Higi is a consumer health service that creates health stations, offers educational content and health risk tests and offers digital and home health tools. The kiosks appear in supermarkets, pharmacies, and other retail locations. Higi has nearly 10,000 health stations in the United States. It was founded in 2012 by Khan Siddiqui and Michael W. Ferro Jr., the owner of the Chicago Sun-Times.

Company
Higi acquired Merge Health Information Kiosks for $2.75 million in 2012 and kiosk provider Stayhealthy in 2014 for an undisclosed amount. It received investment from BlueCross BlueShield's venture fund in 2017. Another notable investor is Lupe Fiasco, who accepted a role as creative director of the company. As part of the Blue Shield investment, Higi acquired a Seattle company called EveryMove.
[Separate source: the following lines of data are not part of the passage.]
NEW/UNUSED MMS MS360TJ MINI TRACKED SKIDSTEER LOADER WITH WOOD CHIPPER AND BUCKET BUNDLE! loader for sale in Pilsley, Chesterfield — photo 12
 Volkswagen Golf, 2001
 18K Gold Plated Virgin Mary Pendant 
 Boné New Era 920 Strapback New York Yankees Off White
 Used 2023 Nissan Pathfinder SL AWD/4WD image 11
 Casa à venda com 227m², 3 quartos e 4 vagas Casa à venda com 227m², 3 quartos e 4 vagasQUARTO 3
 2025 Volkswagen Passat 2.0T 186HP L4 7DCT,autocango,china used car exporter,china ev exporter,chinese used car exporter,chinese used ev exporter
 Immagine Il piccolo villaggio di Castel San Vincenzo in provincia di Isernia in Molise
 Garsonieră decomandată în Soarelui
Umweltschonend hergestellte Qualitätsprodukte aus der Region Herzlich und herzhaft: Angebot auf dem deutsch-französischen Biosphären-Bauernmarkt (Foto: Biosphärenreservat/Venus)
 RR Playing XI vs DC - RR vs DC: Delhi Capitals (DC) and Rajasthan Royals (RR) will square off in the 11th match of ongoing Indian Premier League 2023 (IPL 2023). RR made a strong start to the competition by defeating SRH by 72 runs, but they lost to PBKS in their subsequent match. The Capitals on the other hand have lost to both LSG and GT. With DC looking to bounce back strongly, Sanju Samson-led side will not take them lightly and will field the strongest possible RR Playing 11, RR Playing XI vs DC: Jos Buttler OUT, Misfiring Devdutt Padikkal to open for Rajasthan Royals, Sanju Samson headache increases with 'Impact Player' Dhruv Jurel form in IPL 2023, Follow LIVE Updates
In 2017, Sam's Club began offering Higi in its stores Higi also placed kiosks at Vanderbilt University and Wegman's supermarkets The kiosks are also at Kroger, Meijer, Shopko, Rite Aid and other stores.

In 2018, Higi raised a Series C round of $21.3 million from Flare Capital Partners and 7wireVentures.

Higi named a new Chairman Chris Kryder in August 2018.

In January 2022, Higi was acquired by Babylon Health.